Um dos principais incentivadores do Fórum Social Mundial desde sua primeira edição, o SindBancários não podia ficar de fora este ano e preparou uma programação especial, toda ela com entrada franca. Quem abre as atividades é o jornalista Amaury Ribeiro Junior, que vem a Porto Alegre para o lançamento estadual do polêmico livro A Privataria Tucana.
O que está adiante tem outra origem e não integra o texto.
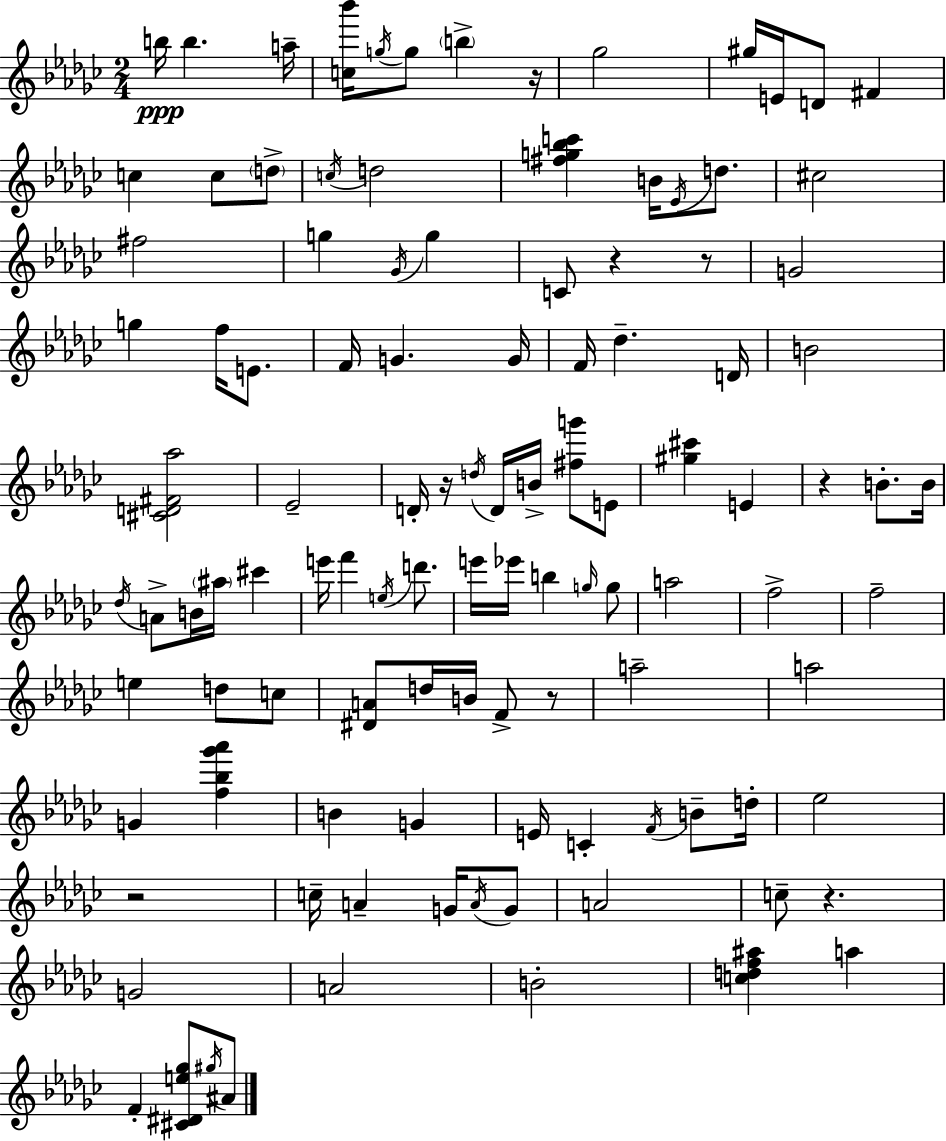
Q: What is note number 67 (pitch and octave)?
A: B4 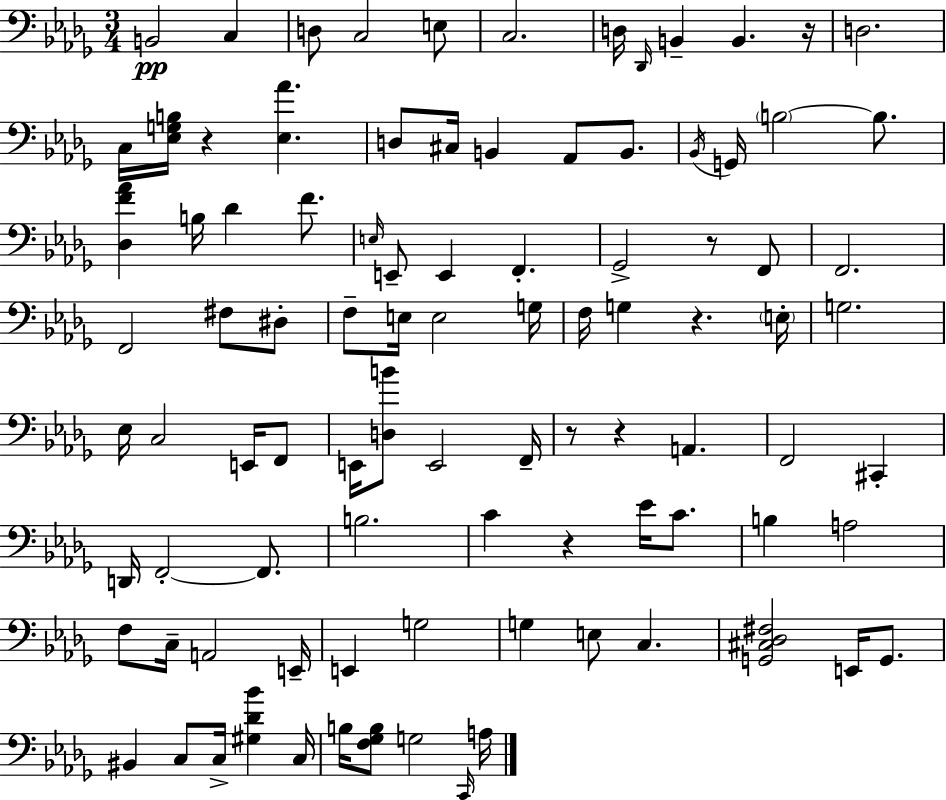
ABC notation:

X:1
T:Untitled
M:3/4
L:1/4
K:Bbm
B,,2 C, D,/2 C,2 E,/2 C,2 D,/4 _D,,/4 B,, B,, z/4 D,2 C,/4 [_E,G,B,]/4 z [_E,_A] D,/2 ^C,/4 B,, _A,,/2 B,,/2 _B,,/4 G,,/4 B,2 B,/2 [_D,F_A] B,/4 _D F/2 E,/4 E,,/2 E,, F,, _G,,2 z/2 F,,/2 F,,2 F,,2 ^F,/2 ^D,/2 F,/2 E,/4 E,2 G,/4 F,/4 G, z E,/4 G,2 _E,/4 C,2 E,,/4 F,,/2 E,,/4 [D,B]/2 E,,2 F,,/4 z/2 z A,, F,,2 ^C,, D,,/4 F,,2 F,,/2 B,2 C z _E/4 C/2 B, A,2 F,/2 C,/4 A,,2 E,,/4 E,, G,2 G, E,/2 C, [G,,^C,_D,^F,]2 E,,/4 G,,/2 ^B,, C,/2 C,/4 [^G,_D_B] C,/4 B,/4 [F,_G,B,]/2 G,2 C,,/4 A,/4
O autor também participa de um lançamento do livro no dia 26, às 14h30, no Acampamento da Juventude, no Parque da Harmonia, ao lado do escritor e jornalista Juremir Machado da Silva e de Juberlei Baes bacelo.

Também passam pela sede do SindBancários o sociólogo Emir Sader, o deputado estadual Raul Pont, o escritor Fernando Moraes e o governador Tarso Genro. A economista Maria Alejandra Madi fecha a programação com uma oficina sobre o Sistema Financeiro Nacional.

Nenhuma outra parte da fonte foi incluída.